Benlloch’s Virgen Pilar is a politically engaged and extravagant demythification of the Spanish national identity and its corrupt offspring. The performance took place at the Corpus Fair in Granada, a context that aids the smooth integration of the artist’s action within the popular nature of the fair, in that it becomes part of the day’s events. Benlloch is dressed in typical Aragonese dress and dances a jota whilst he repeatedly sings the phrase “La Virgen del Pilar, no quiere” [The Virgin of Pilar, doesn’t want to], his tone changing gradually with each word.
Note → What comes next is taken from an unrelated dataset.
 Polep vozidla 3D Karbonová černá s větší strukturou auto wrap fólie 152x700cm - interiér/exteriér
At the same time, he moves some prop letters around, and changes their combination in the words estado / estodo [state / is-all] and ladrón / Roldán [thief / Roldán] (the evolution of the words has been: Estado Ladran [State Bark], Estado Roldán [State Roldán], Estodo Roldán [Is-all Roldán], Estodo Ladrón [Is-all Thief], Estado Ladrón [State Thief]).
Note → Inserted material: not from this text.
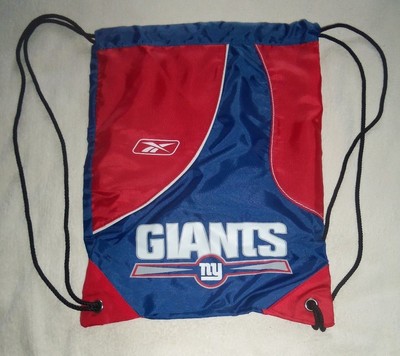 NFL New York Giants Reebok Drawsting Gym Sac / Tasche / Rucksack - Neu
One of the main accusations that this performance puts forward is that of the close relationship between power and theft. Taking one of the representatives of the former, the performance carefully examines the sociocultural mechanisms that structure community identities in relationship to common themes and public clichés, making political action and artistic production overlap. A text is performed in a popular song and its dance. It becomes a ritual, a hypnotic mantra about the Virgin of Pilar, it first refers us back to tradition to then turn into an artivist intervention. This is a ludic interference disguising a strong criticism of the fraudulent character of power as was made manifest in the scandal involving the ex-director of the Spanish Civil Guard, Luís Roldán, a man who the state put in that position, and who embezzled millions.
Virgen Pilar dismantles the Spanish political and cultural situation at the time, as it plays with cultural identity clichés, the scams of the bureaucrats and the manipulations of power. The presentation of this social critique follows that of the Middle Ages fairs, with a traditional stall called Cutre Chou. Annual cabaret of performances for the people: “Virgen Pilar is a performance that takes place within the frame of Cutre Chou in the stall of Acción Alternativa [Alternative Action] at the Corpus Fair in Granada 1994. Cutre Chou is a group of friends linked to the former Movimiento Comunista de Andalucía [Communist Movement of Andalucía], now called Acción Alternativa. Since 1986 they’ve been performing once a year in MCA’s stall at Granada’s Corpus Fair, with cabaret parodies of events of the political milieu of the moment.”
The lyrics of the jota, which after the video the spectator cannot get out of her mind, are: “She does not want to be French, the Virgin of Pilar says she does not want to be French, she wants to be captain of the Aragonese troops, of the Aragonese troops...”. This is a statement that was corroborated by facts, with Luís Roldán as the ephemeral captain of the troops.
* Jota is a dance and music typical of Aragón.
* The chapel of the Virgen del Pilar is in Zaragoza, Aragón.
* Luís Roldán was the director of the Spanish Civil Guard (Guardia Civil) from 1986 until 1993, when he was accused of having stolen over 400 million pesetas. He fled justice but in 1995 he was found and put in prison.